ダリオ・アルジェント!私はこの男の名を知っているッ!

と、ジョジョっぽく始まりました今回の記事ですが、私の中でダリオ・アルジェントという人は、ゾンビ映画の金字塔『ゾンビ』(原題:Dawn of the Dead)を監修したイタリア人のオッサン、というイメージ。

本題とは少し話が逸れますが、『ゾンビ』は様々なバージョンが存在するんです。そんな多数のバージョンの中で、私が初見で観た『ゾンビ』は、<ダリオ・アルジェント監修版>。今回紹介する『サスペリア』の監督ですね。

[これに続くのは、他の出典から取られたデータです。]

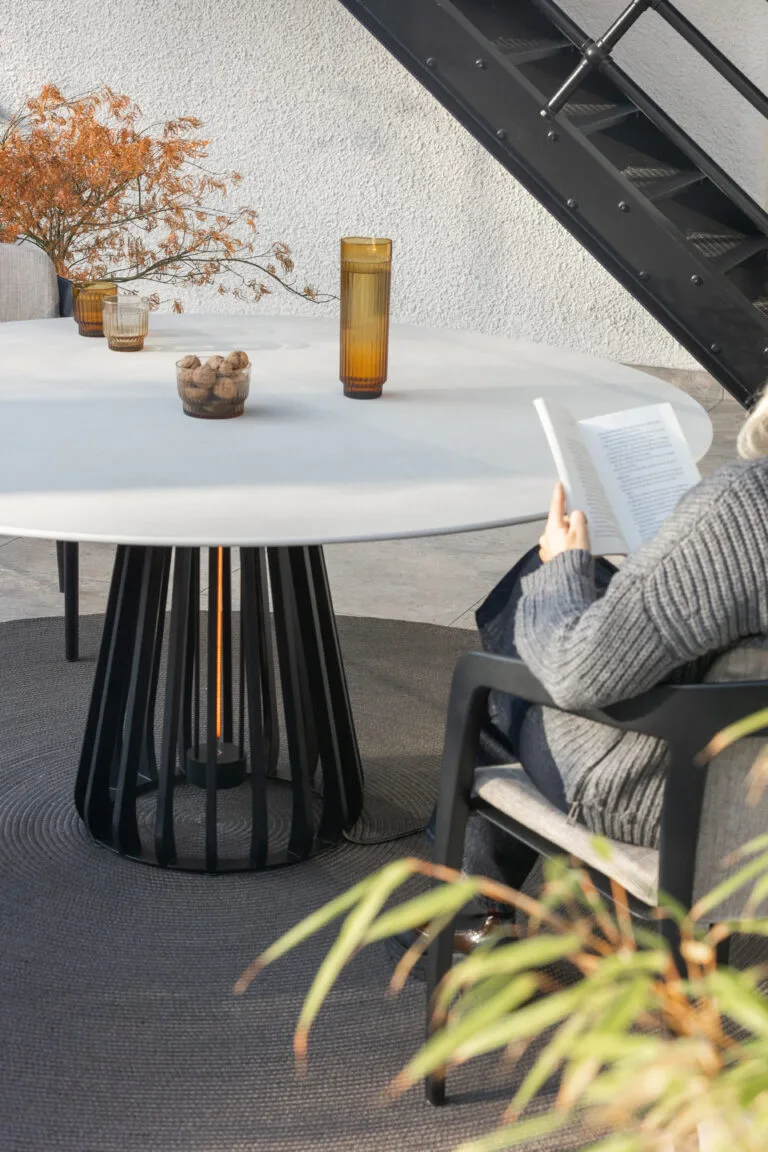 FURNIZ 160 DINING TABLE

で、その時は(私が観たのはダリオ・アルジェント監修版というバージョンか)ぐらいにしか思ってなかったんですが、『ゾンビ』のDVDを買うときに、最も収録時間が長い<ディレクターズカット版>、つまり『ゾンビ』監督であるジョージ・A・ロメロが編集したバージョンを購入したんですよ。観てみたら、初見の印象と全然違うんだな、これが!

初見で観た<ダリオ・アルジェント監修版>は、軽快なロック音楽にのせたゾンビ=生きる屍と戦い逃げぬくサバイバルアクションホラー、という印象だったんです。

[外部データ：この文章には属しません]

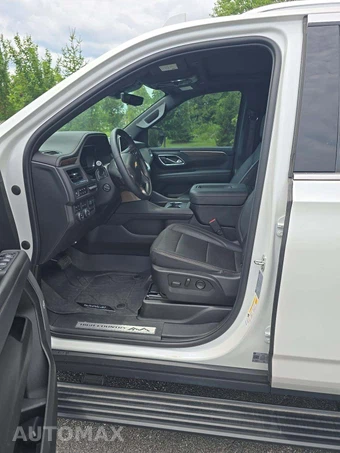 2023 Chevrolet Tahoe High Country 3LZ - miniatura 3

対する<ディレクターズカット版>は、終始じめーっとしていて、ゾンビ現象に世の中がどんどん侵されていって、望みが断たれていく鬱蒼とした破滅的終末映画、ってな印象。個人的にはコレジャナイ感が強いバージョンでした。まあ、初見で観たバージョンとの差がありすぎたってとこですね。

同じ素材を使って、編集・演出・音楽でこれだけ印象が変わるものなのか!と驚いたんですが、<ダリオ・アルジェント監修版>は、イタリアのプログレッシブロックバンドであるゴブリンの劇伴がたくさん使われているのも特徴的。私にとって、ダリオ・アルジェントは『ゾンビ』を最高にイカス作品に仕上げてくれた人、という認識なんです。

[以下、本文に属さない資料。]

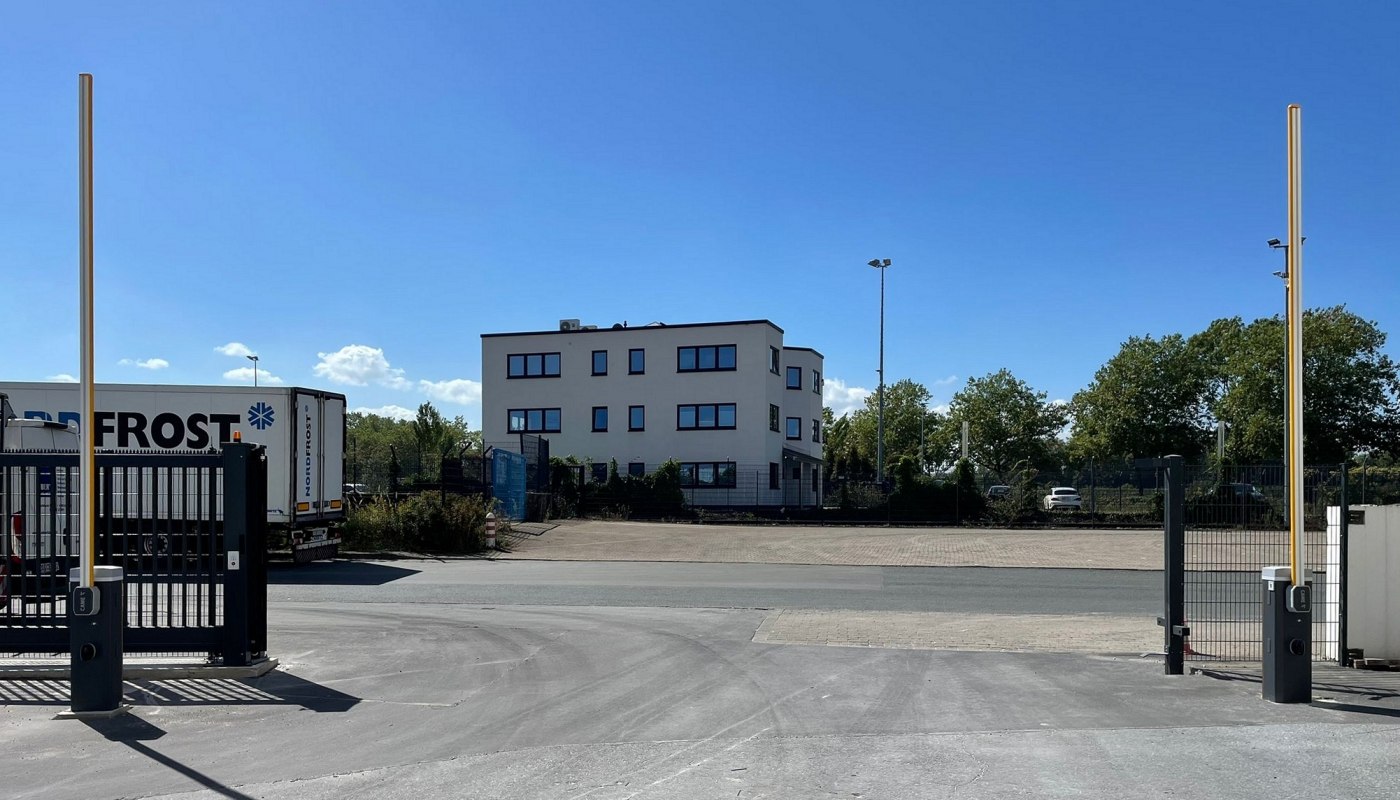 Schrankenanlage zweiflügelig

さあ、だいぶ遠回りしてしまいましたが、そんなダリオ・アルジェントの監督作品を今回初めて観ました!

1977年日本公開時に、「決してひとりでは見ないでください」というキャッチコピーが大流行したようですね。

映画内でどんな恐怖が待っているのでしょうか?!

『サスペリア』のあらすじ(ネタバレ注意)

主人公はアメリカ人のスージー。ドイツにあるバレリーナ学校へ入学するために、ニューヨークから飛行機でやってくるところから物語は始まります。これから胸躍るバレリーナ修行が始まるというのに、非常に暗い顔をしています。まるで、これから起こる恐怖を予期しているかのようです…。

目的地に着くも入れてくれない

冒頭から、不吉な予感をさせる演出がバンバン登場します。ガシャンと閉まる空港の扉、土砂降りのタクシー乗り場、どこか不気味な運転手とのドライブで目的地まで向かいます。目的地である建物に着くと、若い女性が恐怖の表情でドアから飛び出てきました。なにやら建物中の誰かと(秘密)(アイリス)などと会話しているところをスージーは目撃します。女性は雨の中、走ってどこかに去っていきました。その後、建物の呼び鈴でニューヨークから来たスージーだと伝えますが、「来訪者のことは聞いていない」とばかりに無視されてしまいます。仕方なくタクシーに戻り改めることにしました。

建物から走り去った女性の末路

走り去った女性は、マンションにある友人宅に身を寄せます。友人に学校で起きた”理解ができないこと”を伝えますが、友人に(落ち着いて)と諭され部屋で冷静になっていると、窓越しに毛むくじゃらの腕が伸びてきて捕まえられてしまいます。執拗に刃物で刺され女性は絶命、異変に気付いた友人は、マンションの住人に助けを求めますが、誰からも反応がありません。惨殺された女性は、マンションの屋上ガラスから落下し首吊りの状態に。その衝撃で落ちてきた鉄骨が刺さり、友人も死んでしまいます。何者かによって2人は殺されてしまったのです。

学校で起きる不気味な出来事

翌日、スージーは再び建物(バレリーナ学校)を訪ね、無事に入学の運びとなります。昨夜マンションで起こったことを聞き、自分が学校を訪ねたときに見た女性が惨殺されたことを知ります。学校では副学長のマダム、高圧的で厳格なタナー、盲目のピアニスト、使用人のパブロ、マダムの甥で幼いアルバート少年といつも一緒にいる大柄な料理人のおばさん、そして多数の級友たちが共同生活を送っていました。学校内では次々と不気味な現象が…。大量に発生するウジ虫、練習場で寝ているときに聞こえた、うめき声にも似た謎のいびき声、盲導犬が凶暴化し盲目の飼い主をかみ殺す事件まで起きていきます。

友人サラの告白

そんな時、スージーと仲良くなったサラは、マンションで惨殺された女性(パット)と友人であったこと、雨の夜にスージーがかけた呼び鈴を断ったのは自分であること、パットが学校を出る前に妙な話を聞いたことを告白します。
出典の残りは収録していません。